The program is geared towards attracting businesses to move north of Long Island, New York City and Westchester, where Start Up New York’s initiatives have been scaled back. The 64 SUNY/CUNY campuses with empty space can lease to approved Start Up New York applicants; if there’s not enough space in the college’s existing facilities, new start-ups or businesses will be allowed to build on the campus or move into an existing vacant space within one mile radius of the SUNY campus it is partnering with, choosing state property that has been closed– i.e., Rockland Psychiatric Center. (20 other strategically located state-owned properties currently shuttered are also on the table.) The mission of the start-up or relocating business must be working with the college it is locating on or near, giving students a chance to intern at its facility and perhaps leading to hiring after graduation. “The goal is to create new jobs,” said Duffy.

Private colleges will also be permitted, to a limited extent, to participate in Start Up New York. Colleges and private universities with business incubators already on campus will be encouraged to start up new businesses, with an eye towards becoming a viable taxpaying rateable for the counties they are located in.

Currently, Mid-Hudson EDC and its nine state counterparts held Consolidated Funding Workshops for potential applicants. The program, which has combined resources of nearly $757 million available, was opened on June 17 and will end on August 12, 2013 at 4:00pm. Applications for businesses that want to receive grant money can be found on the Regional Councils’ website. “These applications must be submitted by that date and time in order to be eligible,” said Vargas. Funding is available through several sources, including NYSERDA, Higher Education Services, The Dept. of Environmental Conservation, and NYS Council for the Arts and Homes & Community Renewal. There is something for everyone, as long as they apply. Orangetown supervisor Andy Stewart said that despite the funding available, he’s been finding it difficult to get existing businesses to look into the CFA program. “We do need to get the word out to small business owners that they can apply for funding,” said Stewart, “but it’s very difficult to get them the information or to get them to call and ask about it.”

The Mid-Hudson ESD is also focusing on “priority projects” for the region and hopes to get funding to get new business spinning in Rockland. “Rockland hasn’t had enough businesses applying to get grant money available,” said Rockland Business Association Al Samuels. “Hopefully, we’ll see more money coming into Rockland through the funding applications during this next cycle.” As far as Start Up New York was concerned, Samuels said, “The fact is, if you have an empty space, and a new business comes in and fills it, if they are paying no state tax, what is the difference if the space is empty? At least, we will be creating new jobs. That’s the goal.”

One drawback to problems that might arise with “new job creation” was answered by Duffy: What happens if an existing business is hurt by the SUNY program, perhaps even losing employees to a SUNY company because they can avoid paying state taxes? “It’s called competition,” said Duffy. “Hopefully, we’ll see just new hires coming into this program.
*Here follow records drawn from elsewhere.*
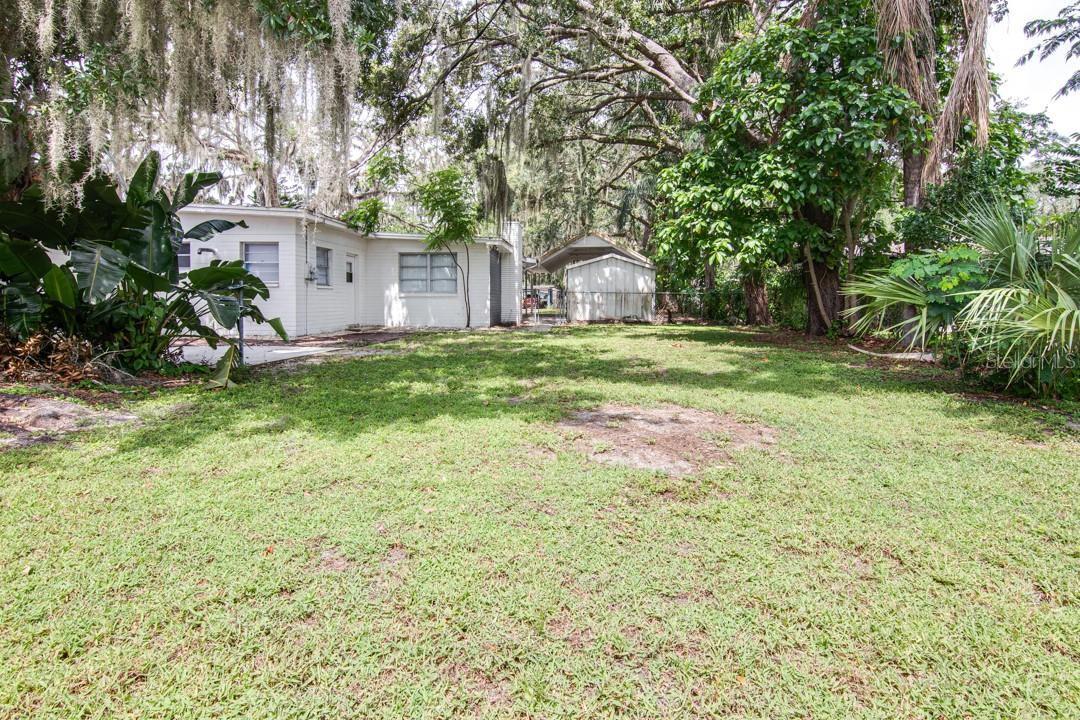 1430 E EDGEWOOD DR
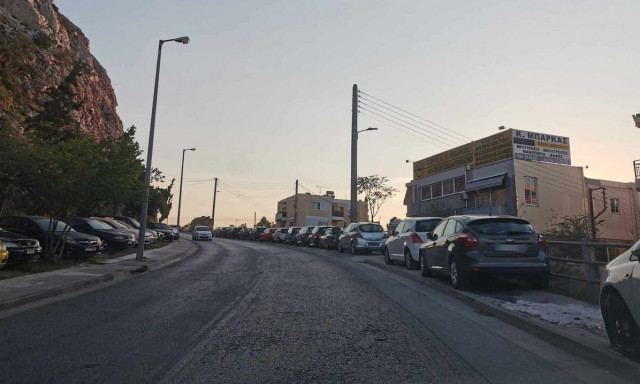 Παραλογισμός: Άφησε το αυτοκίνητό του επειδή έπαθε έμφραγμα και του ... έκοψαν κλήση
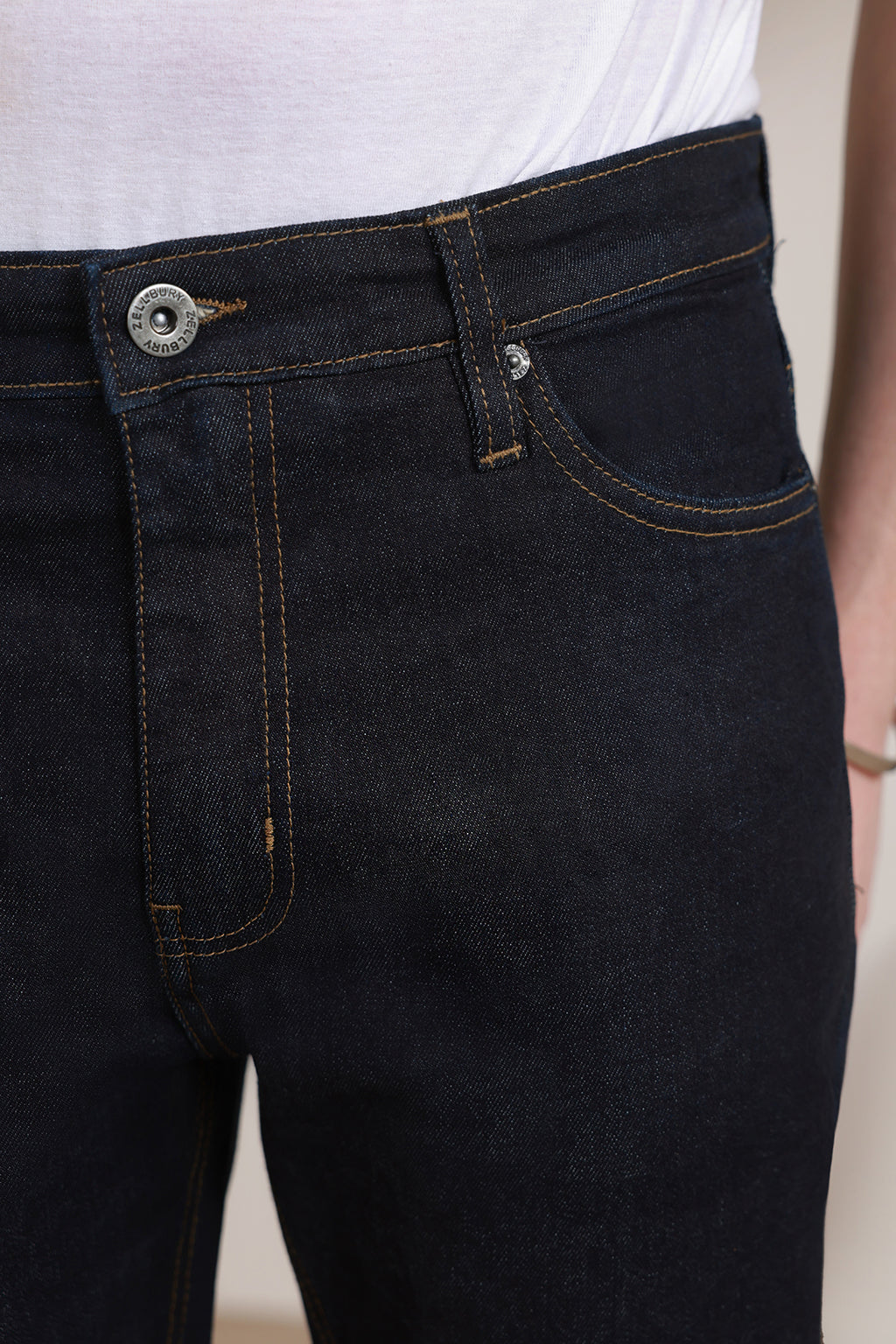 Essential Denim - F001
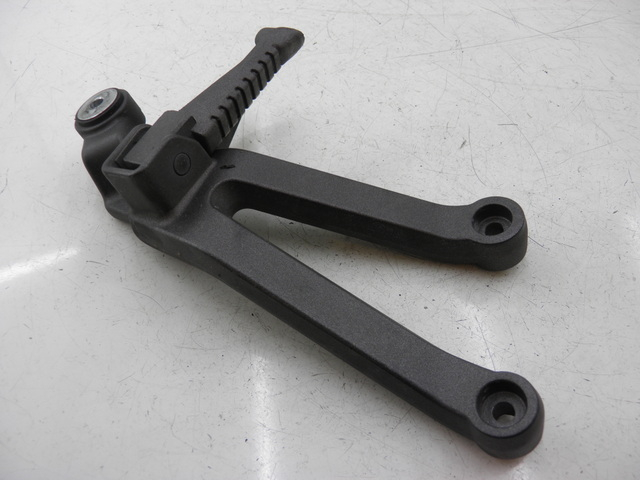 photo de SOPORTE ESTRIBERA TRASERA DERECHA KYMCO QUANNON NAKED 125 (2010) - Zoom estado de uso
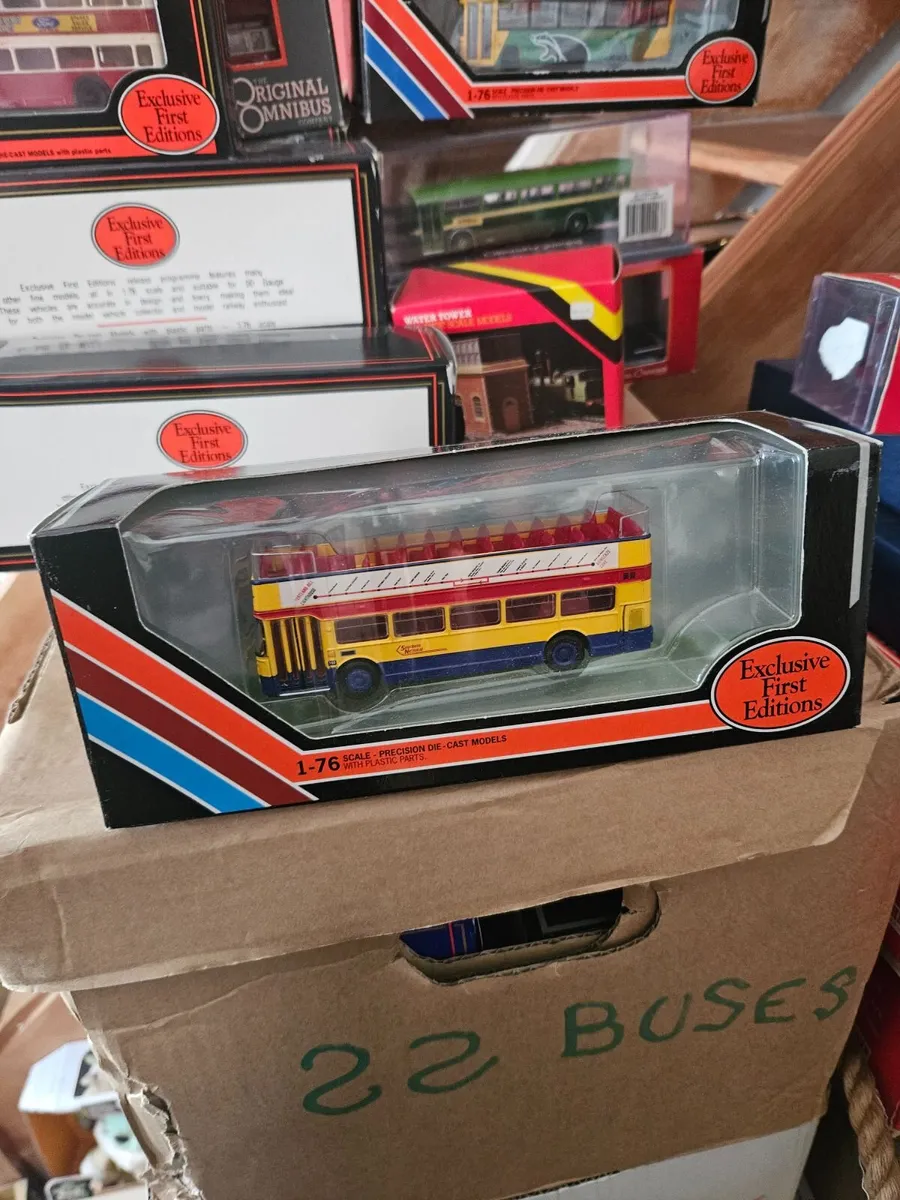 Corgi Bus - Image 1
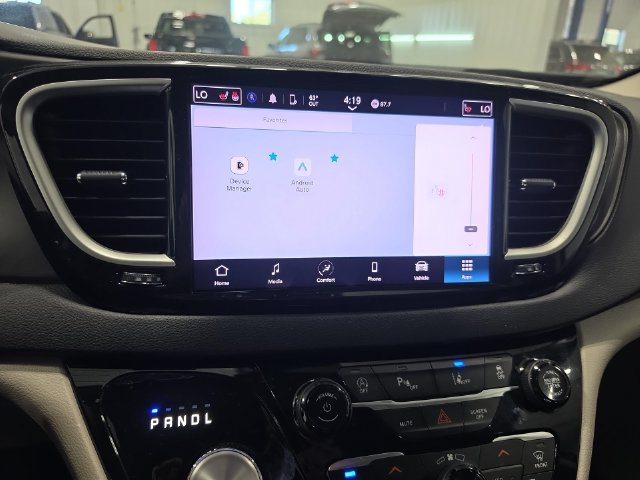 Used 2024 Chrysler Pacifica Touring-L FWD image 15
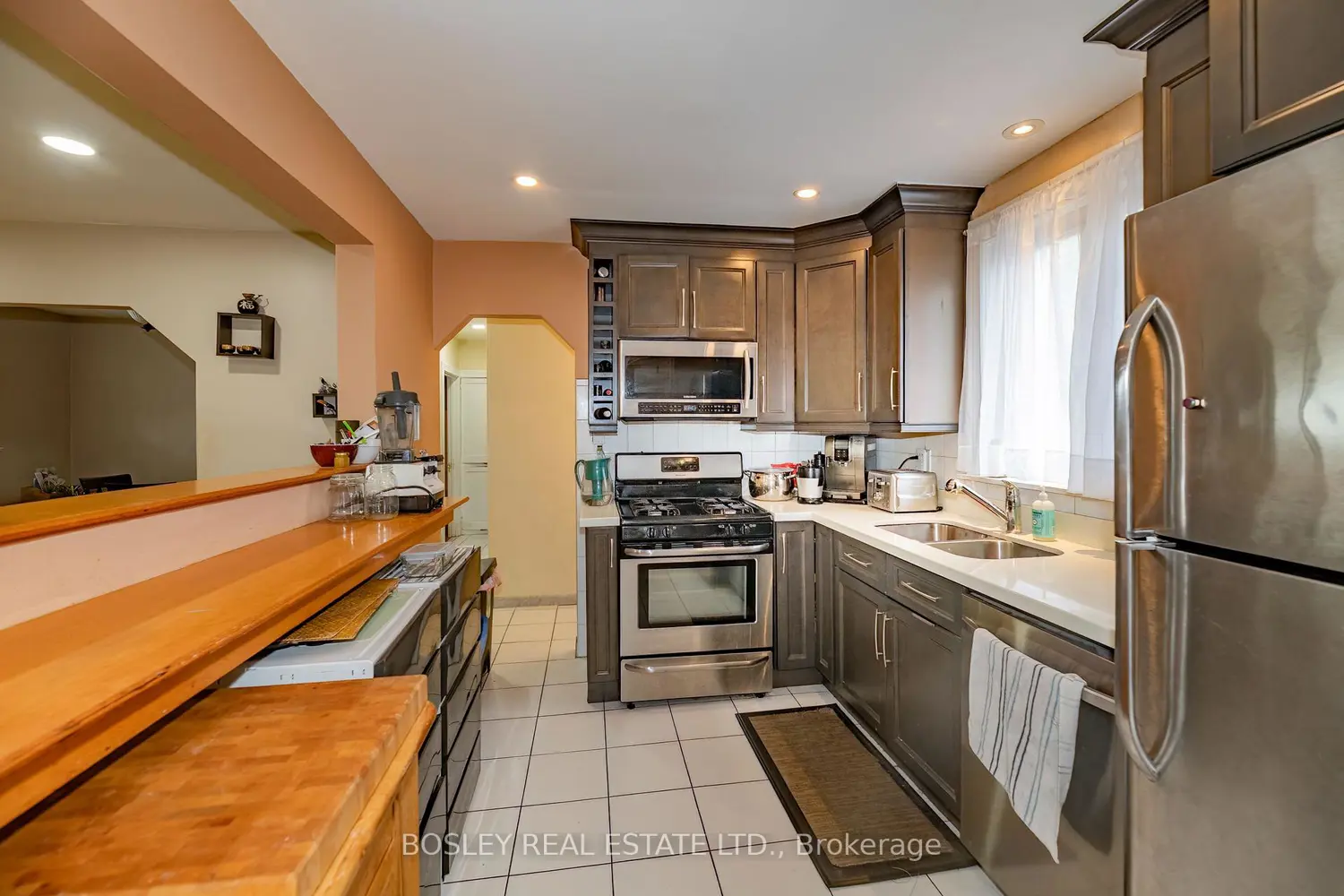 6 Boyd Avenue photo 5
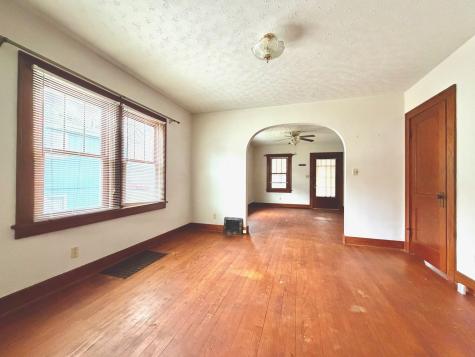 422 45TH Street Moline IL 61265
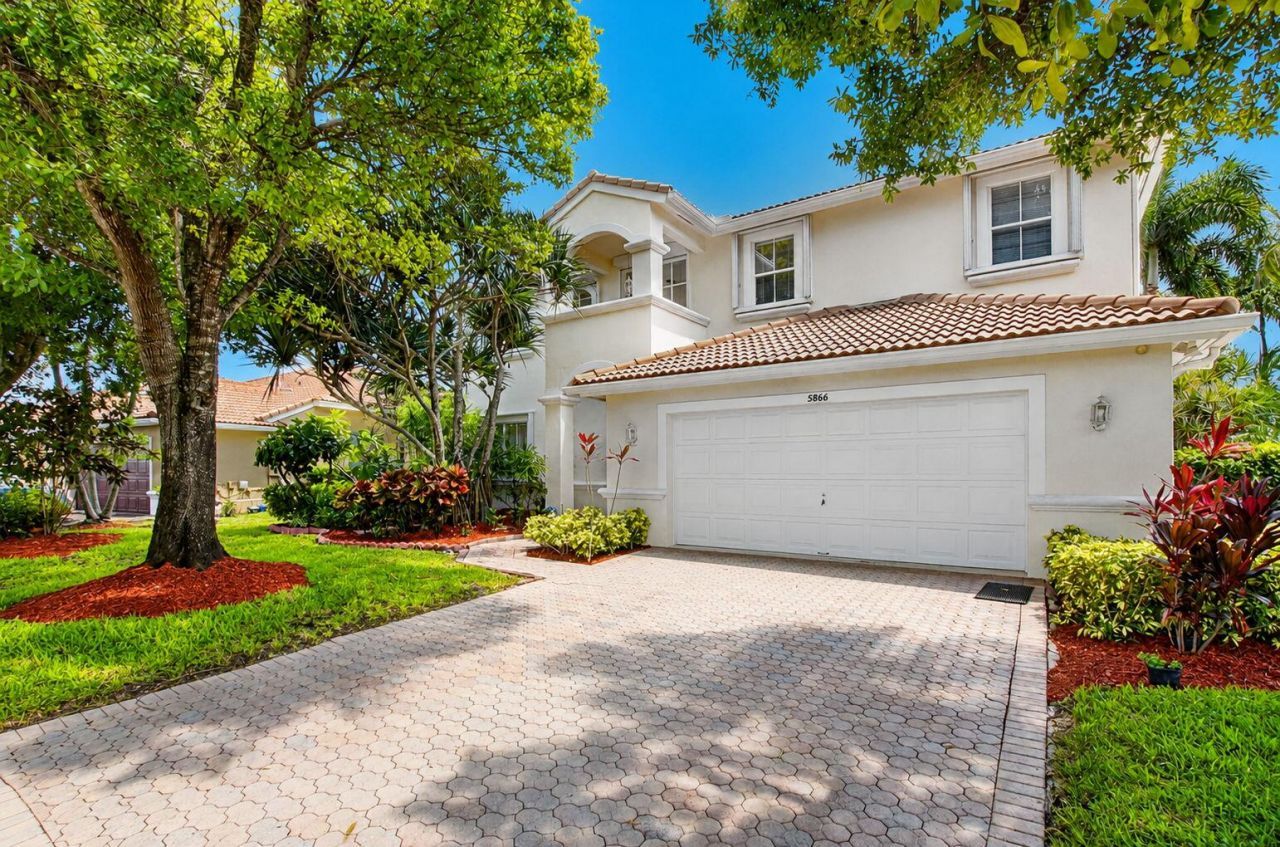 5866 Bay Hill Circle, Lake Worth, FL 33463 Photo
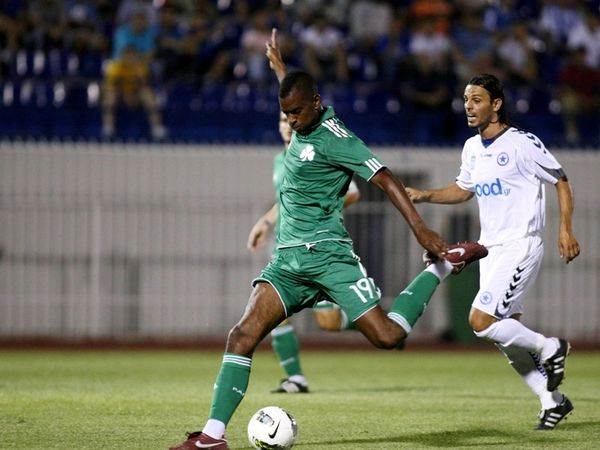 Στη Λέστερ ο Πλεσί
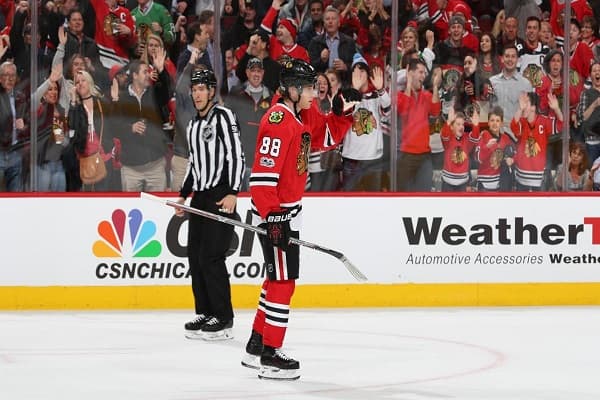 دانلود؛هاکی روی یخ NHL -شیکاگو بلک هاوکس6 -3 آریزونا کایوتز (95/12/6)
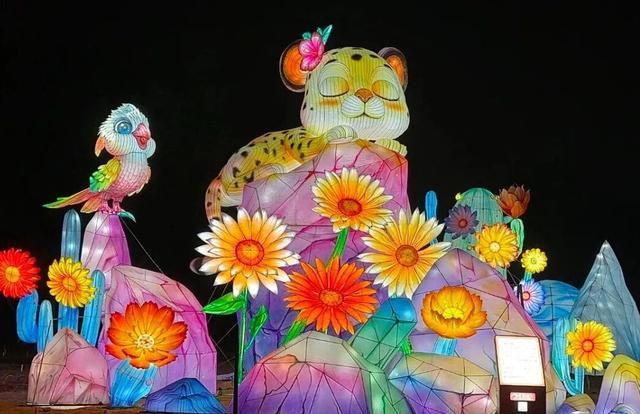 京彩世界奇妙夜 | 玩转现场！赏灯攻略→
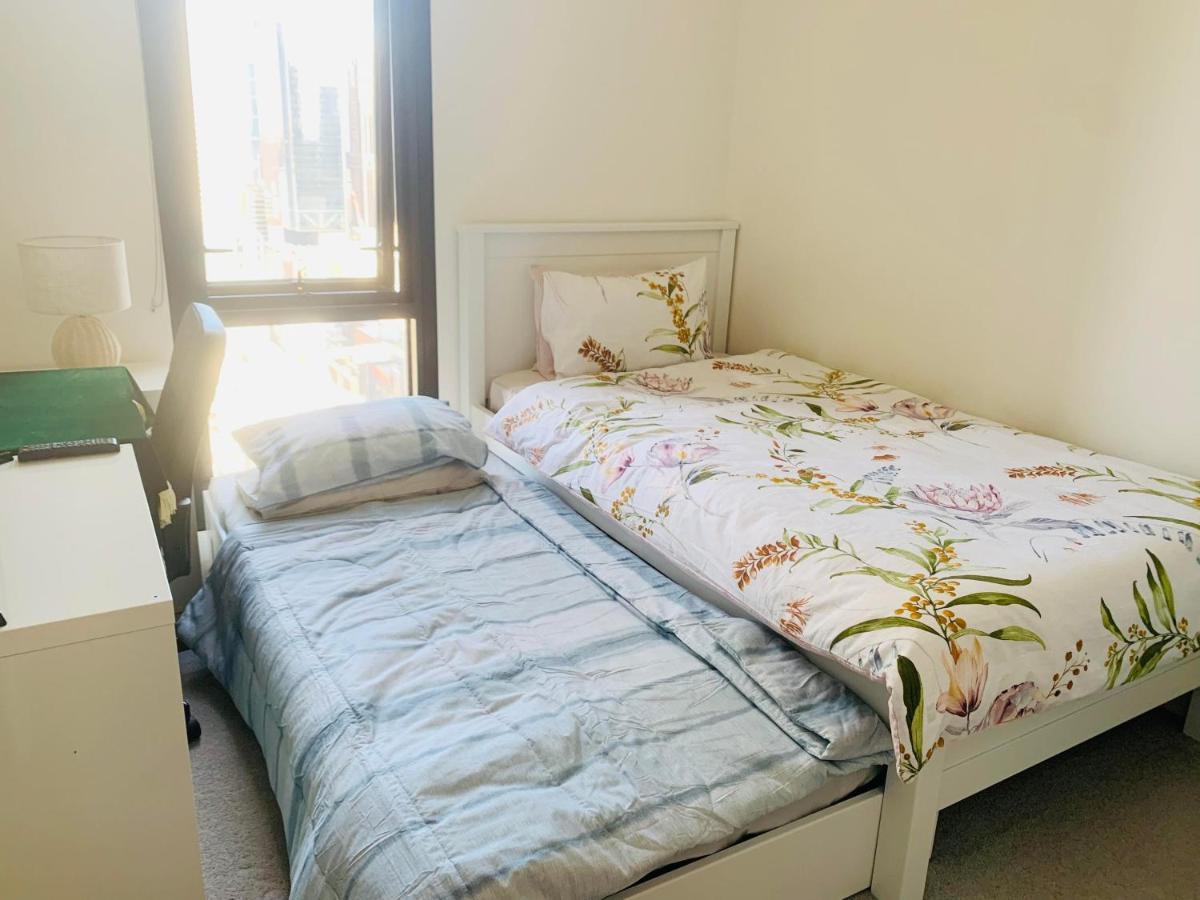 Melbourne Cbd Empire Apartment Luaran gambar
If for some reason a person leaves a company to work there, hopefully that business owner will replace the employee who has left.”

The New York Mid-Hudson Regional Economic Council selected The Byne Group in Suffern to work with local tourism groups market the Hudson Valley as a destination. Hopefully, rail trails, historic sites, parks, restaurants and Hudson Valley History will bring much needed revenue to the cash-strapped state.